Some of the movement sequences in the second part of the hubud clip (starting at about .35) come right out of our basic dan chi training. Some major difference between hubud and chi-sau however is that hubud doesn't stick with constant forward energy ("springy energy") and there isn't an equal emphasis on centerline. In chi-sau, if your hand is free, _you hit_. In the hubud, you tend to see more sequences where _both_ of the attacker's hands are on _one_ of the defenders, more attacks to the limbs, and you see more withdrawing movements. Considering that FMAs generally evolved from _weapons_ systems, this is quite logical.

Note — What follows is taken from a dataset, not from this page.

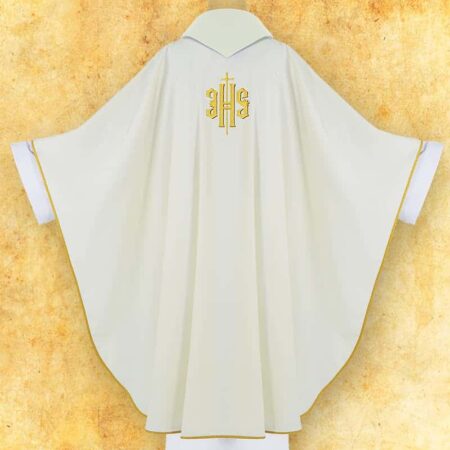 Chasuble brodée Saint Joseph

Here are some WC/WT clips: 











Interestingly, I'm told that Keith Kernspecht (guy in yellow in the first clip) once studied Goju and practiced kakie before taking up WT in the 70s.


----------



## TaiChiTJ (Jan 26, 2013)

geezer said:


> Some of the movement sequences in the second part of the hubud clip (starting at about .35) come right out of our basic dan chi training. Some major difference between hubud and chi-sau however is that hubud doesn't stick with constant forward energy ("springy energy") and there isn't an equal emphasis on centerline. In chi-sau, if your hand is free, _you hit_. In the hubud, you tend to see more sequences where _both_ of the attacker's hands are on _one_ of the defenders, more attacks to the limbs, and you see more withdrawing movements. Considering that FMAs generally evolved from _weapons_ systems, this is quite logical.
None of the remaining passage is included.